Le prince Vassili se tut, ses joues tressaillirent nerveusement, tantôt l’une, tantôt l’autre, ce qui donna à son visage une expression désagréable qu’on n’y voyait jamais quand il était dans un salon. Ses yeux aussi n’étaient pas comme à l’habitude : tantôt il regardait avec une plaisante effronterie, tantôt avec crainte.

La princesse, en retenant de ses mains sèches, maigres, le petit chien qui était sur ses genoux, regarda attentivement, dans les yeux, le prince Vassili, qui reprenait et non sans effort intérieur, la suite de son discours, mais on voyait qu’elle ne romprait pas le silence par une question, dût-elle se taire jusqu’au matin.

— Voyez-vous, chère princesse et cousine Katerina Semenovna, — continua le prince Vassili, — dans des moments comme celui-ci, il faut penser à tout. Il faut penser à l’avenir, à vous… Je vous aime tous comme mes enfants, tu le sais.

La princesse le regardait avec la même fixité et la même indifférence.

— Enfin, je dois aussi penser à ma famille, — continua le prince Vassili en repoussant la petite table avec colère et sans regarder : — Tu sais, Katiche, que vous, les trois sœurs Mamontov et ma femme, êtes les héritières directes du comte. Je sais, je sais qu’il t’est pénible de penser à ces choses et d’en parler, et pour moi ce n’est pas facile non plus. Mais, mon amie, j’arrive à soixante ans, il faut être prêt à tout. Tu sais que j’ai envoyé chercher Pierre, que le comte en montrant son portrait l’a demandé ?

Le prince Vassili regarda interrogativement la princesse, mais ne put comprendre si elle savait ce qu’il venait de lui dire, ou si elle le regardait tout simplement…

— Je ne cesse de prier Dieu pour une chose, mon cousin : qu’il l’absolve et permette à sa belle âme de quitter tranquillement cette…

— Oui, c’est cela, — continua, impatient, le prince Vassili, en frottant son crâne chauve ; et de nouveau, avec colère, rapprochant de lui la table qu’il avait repoussée : — Mais enfin… Enfin il s’agit, tu le sais toi-même, de ceci, que l’hiver dernier le comte a écrit un testament par lequel il donne tous ses biens à Pierre, au détriment de ses héritiers directs et de nous.

— N’a-t-il pas écrit une foule de testaments ! — répondit tranquillement la princesse, — mais il ne peut rien laisser à Pierre. C’est un enfant naturel.

Ma chère ; — dit tout à coup le prince Vassili en secouant la table, s’animant et commençant à parler plus vite, — mais s’il a écrit à l’Empereur, en lui demandant l’autorisation d’adopter Pierre ? Tu comprends, vu les mérites du comte, sa demande sera acceptée…

La princesse souriait comme sourient ceux qui pensent savoir une chose beaucoup mieux que celui qui en parle.

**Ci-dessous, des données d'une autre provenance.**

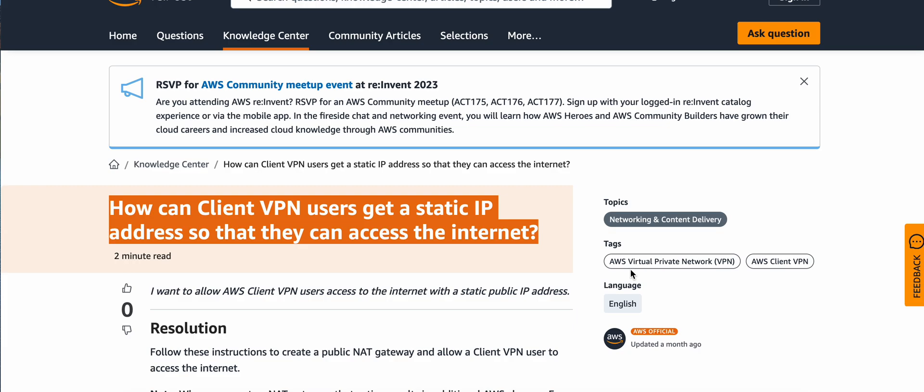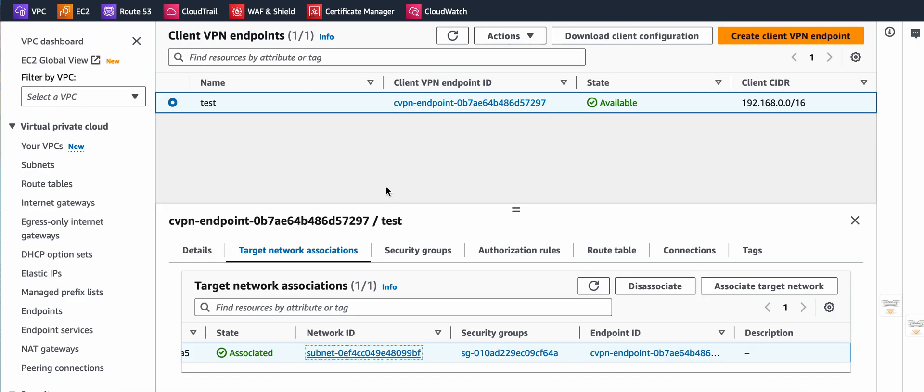In this video, we will learn how to make AWS Client VPN IP static. There is a public document available on how Client VPN users can get a static IP address so they can access the internet. When connected to Client VPN, it allocates a public IP address, but after one or two hours that IP address changes. Sometimes you want users to connect via VPN and always get a single IP address to whitelist at your resources, so using a static IP is really helpful.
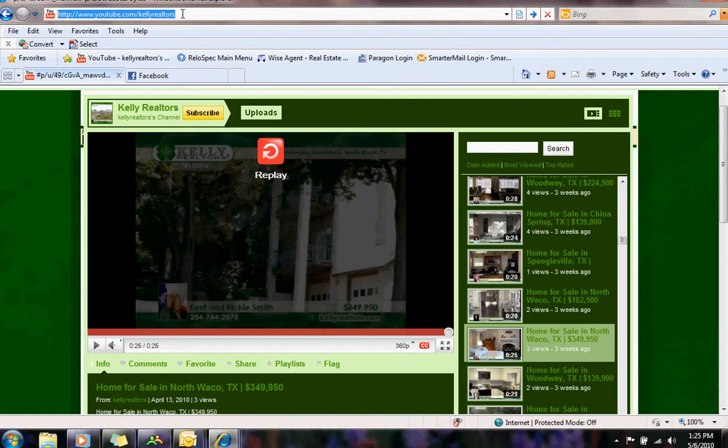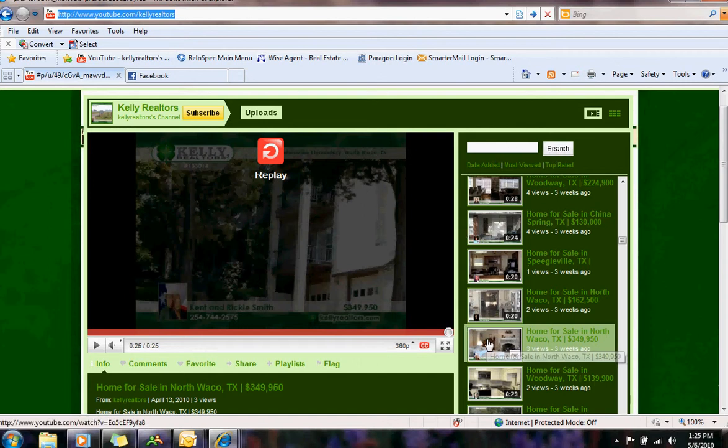You can put the MLS number over here and search and it will bring that property up. In this case I'm just going to choose one, it's Kent and Ricky's house and I'm going to click on that shortly.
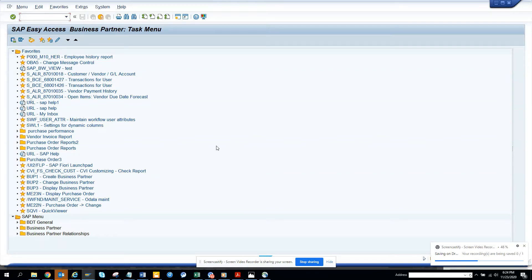Hi friends, now we are going to discuss about how we can create a generator notification when a material master record has been changed. This is a little different from the notification that I have shown for business partner, sales order and purchase order.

— Je te dirai plus. — continua le prince Vassili en lui prenant la main, — la lettre est écrite, mais bien qu’elle n’ait pas encore été envoyée, l’Empereur le sait. La question est de savoir si elle est détruite ou non. Sinon, alors, aussitôt que tout sera terminé, — le prince Vassili soupira, en donnant ainsi à comprendre ce qu’il entendait par ces mots : tout sera terminé, — on ouvrira les papiers du comte, le testament et la lettre seront transmis à l’Empereur, et son désir sera sûrement respecté. Pierre, comme fils légitime, recevra tout.

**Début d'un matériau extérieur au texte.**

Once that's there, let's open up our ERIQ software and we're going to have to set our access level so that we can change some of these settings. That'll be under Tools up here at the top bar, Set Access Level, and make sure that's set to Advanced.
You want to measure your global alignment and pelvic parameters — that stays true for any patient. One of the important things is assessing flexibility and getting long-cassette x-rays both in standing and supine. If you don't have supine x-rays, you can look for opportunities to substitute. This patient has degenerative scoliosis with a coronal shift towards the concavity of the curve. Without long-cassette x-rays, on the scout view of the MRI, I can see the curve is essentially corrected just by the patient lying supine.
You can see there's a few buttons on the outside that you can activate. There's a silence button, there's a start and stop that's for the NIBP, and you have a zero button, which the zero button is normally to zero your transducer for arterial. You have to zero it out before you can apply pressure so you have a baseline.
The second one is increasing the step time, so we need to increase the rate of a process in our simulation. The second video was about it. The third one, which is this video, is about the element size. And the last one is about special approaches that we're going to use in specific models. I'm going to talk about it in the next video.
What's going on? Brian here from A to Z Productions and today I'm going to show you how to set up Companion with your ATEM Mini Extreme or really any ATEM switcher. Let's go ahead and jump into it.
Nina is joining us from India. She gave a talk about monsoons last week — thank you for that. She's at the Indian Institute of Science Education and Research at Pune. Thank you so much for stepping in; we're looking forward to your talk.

— Et notre part ? — demanda la princesse en souriant ironiquement, comme si tout, excepté cela, pouvait arriver.

Mais, ma pauvre Katiche, c’est clair comme le jour, alors il est seul héritier légal de tout, et vous ne recevrez absolument rien. Tu dois savoir, ma chère, si le testament et la lettre ont été écrits et s’ils sont détruits ou non ! Et si, par une cause quelconque, ils ont été oubliés, tu dois savoir où ils sont et les trouver, parce que…

— Cela manquait, — interrompit la princesse avec un sourire sarcastique et sans changer d’expression. — Je suis une femme et, selon vous, nous sommes toutes des sottes, mais je sais bien qu’un enfant illégitime ne peut hériter ; un bâtard, — ajouta-t-elle, croyant, par ce mot, convaincre définitivement le prince de légèreté.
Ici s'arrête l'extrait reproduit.